Tak sobie czytam i czytam i dochodze do takiego wniosku, że nie ma sie o co sprzeczac bo LPG i inne takie tam wynalazki mają marginalne znaczenie w lotnictwie, gdyż blisko 90% zużywanych współcześnie paliw lotniczych służy do zasilania silników turbinowych, a te jak wiadomo pracują na nafcie lotniczej. Problem o tyle poważy , że całej światowej floty powietrznej nie da się ot tak sobie przystosować do zasilania innym paliwem. O ile w transporcie lądowym proces taki byłby kosztowny i czasowo rociagniety na przestrzeni kilkunastu lat to nie stanowi on takiego problemu jak w przypadku transportu lotniczego. I założe się, że tacy giganci jak Boeing czy Airbus są przygotowani na odpowiednie rozgrywki polityczno-ekonomiczne związane z paliwami płynnymi i rewolucją w napędach i ich sposobach zasilania. Przypomnę najważniejszy chyba dla naszej dyskusji parametr statystyczny - transport powietrzny zużywa tyleż samo ropy co lądowy. I dodam jeszcze ża samochody projektuje się na kilka-kilkanaście lat w eksploatacji a samoloty na kilkadziesiąt.

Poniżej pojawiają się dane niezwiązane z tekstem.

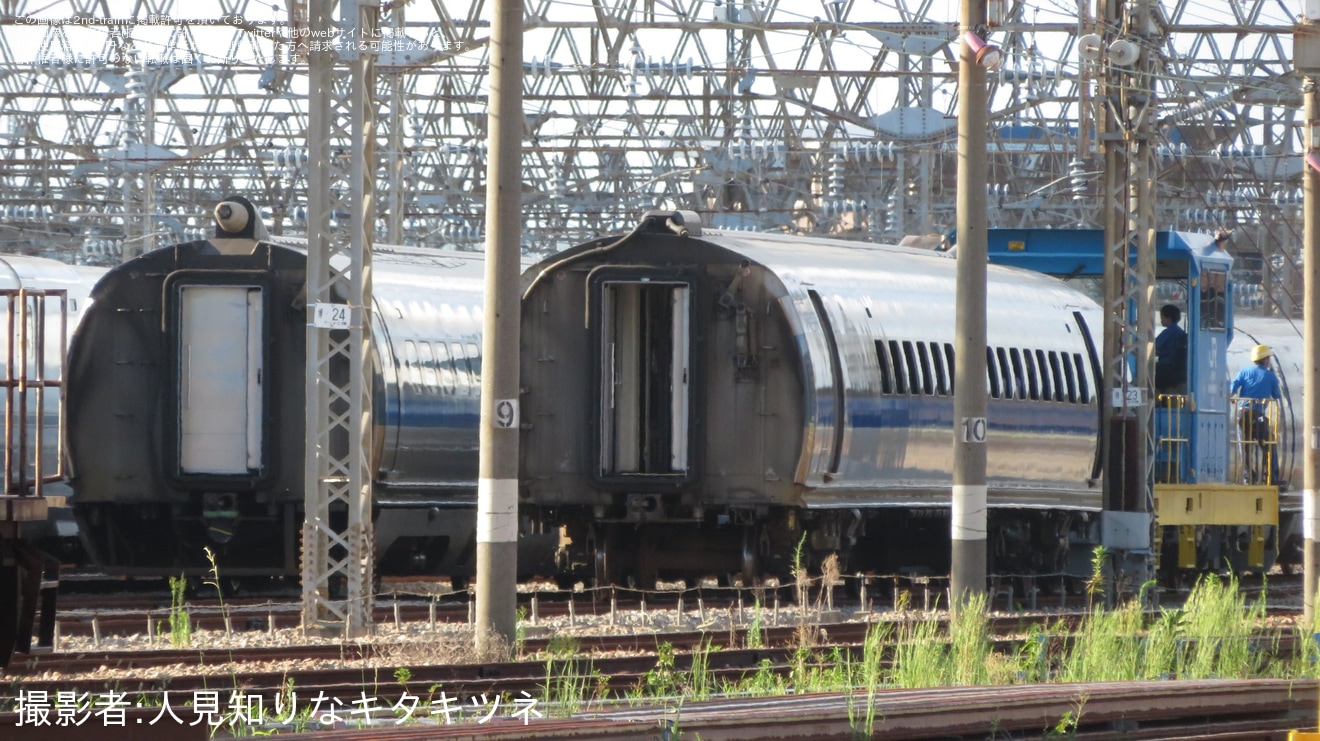 【JR西】500系V3編成の3号車(527-7005)が解体線への拡大写真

P.S. Nawiasem mówiąc w sprawie LPG to jakoś nie wyobrażam sobie rozwiązania kwestii zbiorników w samolotch, szczególnie zbiorników skrzydłowych (spadek ciśnienia wraz z wysokością)

pozdro
Paweł
'VIPER'

Speedy

  • Gość
Odp: Samoloty LPG
« Odpowiedź #24 dnia: Maja 01, 2006, 11:56:02 »
Nikt tego jeszcze w tym wątku nie poruszył, pewnie przez niedopatrzenie, bo sprawa wydaje się ogólnie znana. W ramach prac nad silnikami turboodrzutowymi zasilanymi wodorem Rosjanie zbudowali chyba w latach 80-tych latające laboratorium na bazie pasażerskiego Tu-154. Zbiorniki na ciekły wodór zajęły w nim sporą część byłej kabiny pasażerskiej.  Samolot ten w czasie badań przystosowano także do zasilania skroplonym gazem ziemnym.
Wodór jako paliwo ma pewne wady a podstawowa to mała gęstość (to nie jest zaleta, jak to ktoś wczesniej pisał o gazie LPG). Nawet jak uwzględnić jego większą wartość opałową to i tak potrzeba go sporo. Oznacza to że aby zmieścić odpowiednią masę wodoru zbiornik musi być ogromny i samolot nam się rozrasta...

Odp: Samoloty LPG
« Odpowiedź #25 dnia: Maja 12, 2006, 18:14:54 »
Jak już wcześniej pisałem do bojowego samolotu LPG się nie nadaje.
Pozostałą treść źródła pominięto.